Work order:
Of the lines in the data below, write out exactly those from the one holding "textil Herre Shorts" through the one holding "말린 우엉 1kg/국산(경북영천), 단품", both included.
---*---
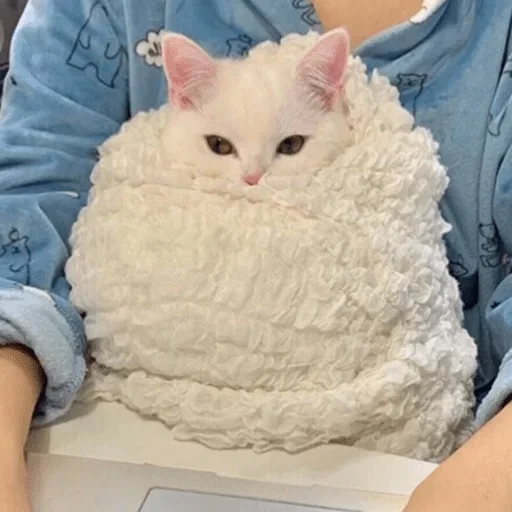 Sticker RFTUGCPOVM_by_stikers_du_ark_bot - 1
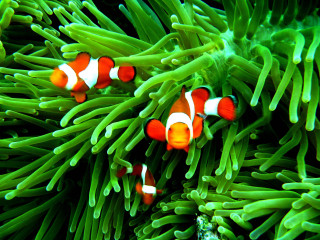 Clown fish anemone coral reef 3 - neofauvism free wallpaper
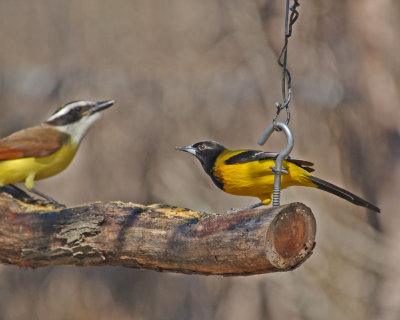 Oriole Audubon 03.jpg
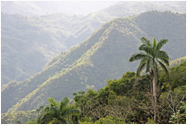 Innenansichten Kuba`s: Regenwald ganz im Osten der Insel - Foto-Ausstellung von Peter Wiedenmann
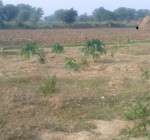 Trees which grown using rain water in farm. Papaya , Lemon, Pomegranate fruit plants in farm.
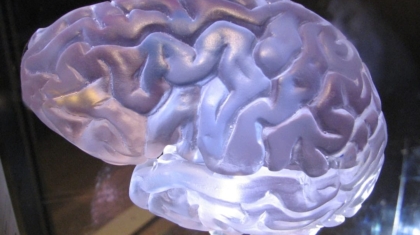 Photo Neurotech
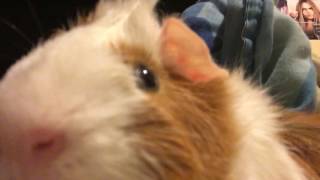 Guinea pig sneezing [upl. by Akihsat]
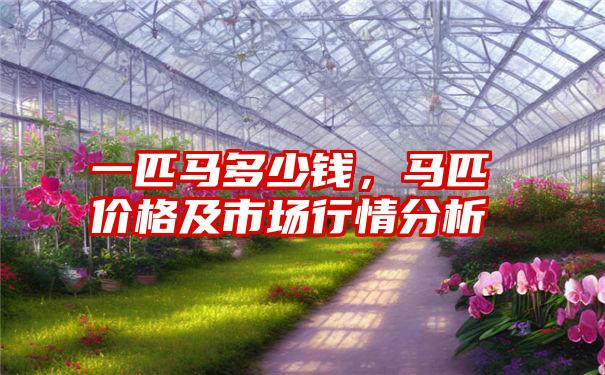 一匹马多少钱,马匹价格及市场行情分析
---*---
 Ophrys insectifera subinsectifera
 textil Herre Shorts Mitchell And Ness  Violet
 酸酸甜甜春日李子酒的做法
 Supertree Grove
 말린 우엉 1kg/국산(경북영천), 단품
---*---
Task output:
 textil Herre Shorts Mitchell And Ness  Violet
 酸酸甜甜春日李子酒的做法
 Supertree Grove
 말린 우엉 1kg/국산(경북영천), 단품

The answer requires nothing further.